Então como se justifica esta vontade nata e apaixonada de escrever ? Devo aos genes dos meus pais, a minha irmã herdou os genes paternos ligados à poesia, eu herdei os genes maternos ligados à prosa que ouvia nos longos serões do correio até à meia noite na companhia da minha mãe, que no seu achar na vez de me ensinar fazia-me as redações, eventualmente tenha sido o meu atraso literário, o mesmo aconteceu em línguas, por isso nada sei de inglês nem francês, apesar de vários anos de ensino. Foi a vida em fase madura que me havia de despertar para narrar memórias para mais tarde quiçá num Lar ou no conforto de uma das minhas casas, voltar a ler e me voltar a emocionar, a que juntei outra paixão, a fotografia, apesar de não ter máquina de valia, contudo sem explicação não gosto de ler. Nunca li livros, e os havia na casa dos meus pais, apenas um romance de Pedro e Inês de letras gordas, no cabeleireiro ou no médico no tempo de espera  leio revistas com meses de publicação de trás para a frente, apesar de saber que a leitura é o maior veiculo da informação e conhecimento a claro quem souber dissecar o que interessa do lixo, a vida dos outros ditos cor de rosa, a mim nada me interessa, na verdade tentei ler sem jamais algum autor me cativar e prender na leitura, por incrível que pareça foi a crónica sobre a passagem dos 500 anos do Livro a Peregrinação de Fernão Mendes Pinto que me cativou por ter sido escrita em época tão remota e ainda assim a achar descritiva e bela por me ter transportado na sua viagem, pelo que me incute dizer semelhante  à minha que nessa altura descobri o mesmo jeito...A que acresce dose de cultura angariada com a televisão em casa dos meus pais desde 1962, através dela viajei e conheci a globalização sempre em paralelo com a paixão por esta terra de Ansião onde tenho raízes e vivi duas décadas 60/70, onde continuo a ir mantenho no concelho duas casas, para nesta massa misturar carateristicas; razoável memória, poder de observação, curiosa, gostar de falar, ouvir as pessoas e de me questionar sobre o passado histórico a que acrescento sem modéstia dose de talento, porque tudo tem de ser feito com imensa paixão!

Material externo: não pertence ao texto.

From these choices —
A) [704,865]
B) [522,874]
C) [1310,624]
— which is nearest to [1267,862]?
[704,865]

A minha prosa é descritiva, emocional, direta, simplista, mas também de crítica acutilante pelo que aceito não seja do agrado a todos. Gosto de especular e saio constantemente da base de conforto, ao tecer teorias sem base de suporte a prova documental , sendo óbvio que as sujeito sempre a interrogação, porque uma coisa é assim escrever e outra é nada dizer, decidida, gosto de partilhar para espicaçar mentalidades adormecidas!Sem rede, nem medo de críticas menos abonatórias de algumas pessoas que falam entre dentes "mas para que ela quer saber isto..." jamais baixei os braços, tendo neste blog partilhado informações que de outro modo jamais historiador natural de Ansião, e outros novos nos últimos tempos a publicar-,  Cadernos de Estudos Leirienses, todos sem exceção, apenas  se baseiam em factos narrados, jamais saindo da sua base de conforto para falar da sua vivência em Ansião fixa ou esporádica, ou do que pretendem especular na sua perspetiva sobre o passado desta terra, por isso o avanço sobre os primórdios de Ansião é ainda lamentavelmente mínimo.

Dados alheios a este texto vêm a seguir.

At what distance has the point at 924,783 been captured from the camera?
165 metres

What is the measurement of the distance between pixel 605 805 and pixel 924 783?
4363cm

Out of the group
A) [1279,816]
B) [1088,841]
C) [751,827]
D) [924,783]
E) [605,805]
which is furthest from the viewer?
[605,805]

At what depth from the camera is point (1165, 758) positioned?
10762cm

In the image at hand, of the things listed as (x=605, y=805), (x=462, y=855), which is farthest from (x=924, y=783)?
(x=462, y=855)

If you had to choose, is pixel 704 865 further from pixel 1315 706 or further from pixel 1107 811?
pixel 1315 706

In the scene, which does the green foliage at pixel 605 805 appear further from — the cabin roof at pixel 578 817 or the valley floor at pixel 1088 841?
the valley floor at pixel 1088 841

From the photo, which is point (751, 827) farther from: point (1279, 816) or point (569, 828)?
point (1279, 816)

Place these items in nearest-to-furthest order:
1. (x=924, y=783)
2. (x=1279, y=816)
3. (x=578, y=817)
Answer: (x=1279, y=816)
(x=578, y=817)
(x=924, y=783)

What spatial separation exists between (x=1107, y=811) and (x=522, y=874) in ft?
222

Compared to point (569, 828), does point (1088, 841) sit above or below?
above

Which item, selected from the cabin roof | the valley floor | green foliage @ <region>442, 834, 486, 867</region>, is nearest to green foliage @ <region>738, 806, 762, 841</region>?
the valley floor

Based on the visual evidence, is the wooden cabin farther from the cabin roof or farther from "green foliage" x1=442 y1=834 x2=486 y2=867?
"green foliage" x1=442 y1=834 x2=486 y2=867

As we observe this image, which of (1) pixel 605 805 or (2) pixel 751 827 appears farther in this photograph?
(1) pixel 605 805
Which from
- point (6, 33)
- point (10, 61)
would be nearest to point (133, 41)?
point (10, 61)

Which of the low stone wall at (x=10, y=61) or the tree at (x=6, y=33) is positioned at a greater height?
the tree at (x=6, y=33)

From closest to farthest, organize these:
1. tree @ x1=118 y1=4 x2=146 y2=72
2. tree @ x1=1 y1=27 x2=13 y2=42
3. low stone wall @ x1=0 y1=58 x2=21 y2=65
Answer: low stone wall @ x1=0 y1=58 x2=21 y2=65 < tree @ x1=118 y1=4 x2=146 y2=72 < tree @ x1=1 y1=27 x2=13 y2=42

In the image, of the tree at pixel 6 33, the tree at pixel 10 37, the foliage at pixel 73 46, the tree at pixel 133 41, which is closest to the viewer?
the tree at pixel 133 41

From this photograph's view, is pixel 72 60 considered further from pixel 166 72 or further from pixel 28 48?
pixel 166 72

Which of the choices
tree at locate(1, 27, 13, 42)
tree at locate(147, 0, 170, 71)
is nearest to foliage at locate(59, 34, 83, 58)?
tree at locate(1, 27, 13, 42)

Tenho em mãos temáticas dissuasoras jamais abordadas em profundidade por algum historiador, apesar de não haver suporte escrito, por os livros do passado de Ansião terem ardido no incêndio no Tribunal ocorrido em 1937, mas por paixão e teimosia confrontar almas e lhes dizer que continuo viva com clarividência e vontade em mais saber e descobrir do passado desta terra, por nesta continuidade algo se fazer Luz, e sentir estar  perto de muita verdade que aconteceu ao Bairro e Ribeiro da Vide. Despertei na leitura do nº 9 dos Cadernos de Estudos Leirienses onde é referido os termos da vila de Ansião e seus moradores nos Lugares. Estranhamente desalentada por jamais falar do meu  Bairro de Santo António e do Ribeiro da Vide. Pelo que me interrogo se estaria incluído nos termos da vila (?). Lugar criado em redor de farto Largo por onde passava a estrada medieval aqui o sítio do 3º burgo da vila de Ansião, mas disso vou contar em crónica.

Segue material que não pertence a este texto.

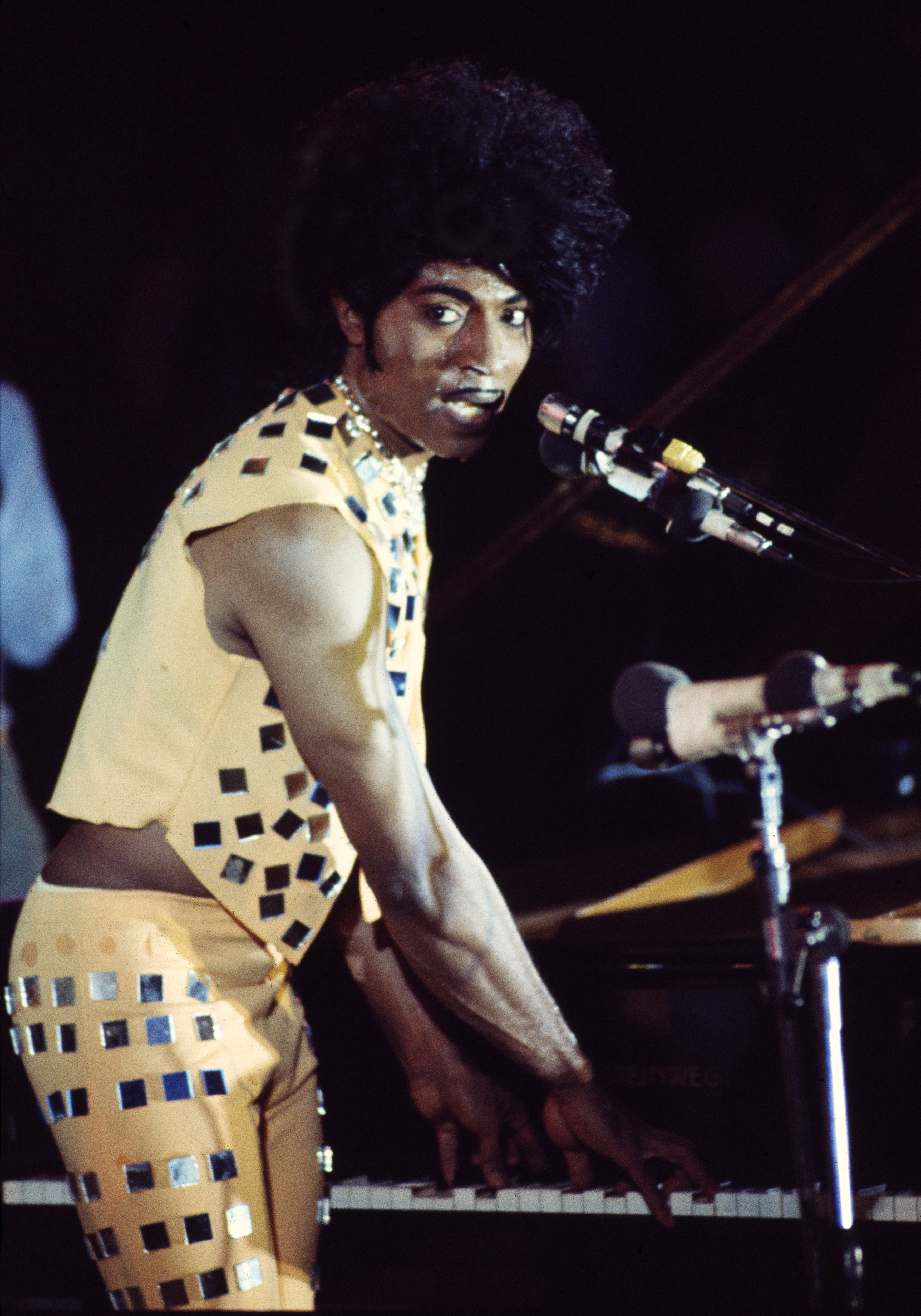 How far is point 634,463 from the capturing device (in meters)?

Acrescento a banal observação e sincera franqueza constatar na continuidade aos dias d'hoje me parecer (?) apenas se continuar a fazer pesquisas; Torre do Tombo, Memórias Paroquiais, Mosteiro de Santa Cruz, Arquivos camarários e distritais e com dias uma nova descoberta jesuíta escondida numa coluna de um altar da Sé Nova, concerteza aborda a Granja em Santiago da Guarda e Alvorge onde estiveram sediados jesuítas...Descobertas de sobeja importância,contudo em alguns casos se tem revelado de pouca valia em mais acrescentar à velha prática ancestral em compilar história, sem alma apaixonada do verdadeiro historiador, o amante destas Coisas do passado que consegue entranhar-se nos locais para fazer correlação de factos e estórias com história na interligação a supostas pistas novas a indagar e aos dias d'hoje o paralelo no intercâmbio com as gentes, para assim se chegar mais longe, e não apenas a vontade em publicar que em todos os casos e mesmo no meu se mostram incompletas, ou de cariz duvidoso ou contraditório, para em resulto nada ou pouco se acrescentar ao já conhecido, e desse modo sempre a matar e repisar o que já se sabe de cor e salteado sobre esta terra de Ansião, até agora  o seja pela metade, para falar do padrão ao Fundo da Rua, a seu tempo digo porquê!
Teimosa o bastante e de vontade confiante no meu cariz de mulher de alvo obstinada e prática, por vezes levada pelo espírito vivo e me deslumbrar, com isso me perder, acabando mais tarde por me encontrar e rectificar sem vergonha ou medo, porque se trata de história e do passado, e não de uma cirurgia onde não deve haver lugar a erros. Na verdade tenha sido esta caminhada desde 2009 frutífera pelos comentários e incentivos de muitos que me tem dado força para continuar. Reconheço que ao longo do tempo haja alguém que se tenha aproveitado de algumas das minhas informações e de fotos, porque delas sinto tem feito uso como se fossem suas, sem jamais referirem a FONTE, e isso é condenável, jamais me calo!

Na minha cabeça gravita o objetivo final de aclarar mais sobre os primórdios da história de Ansião!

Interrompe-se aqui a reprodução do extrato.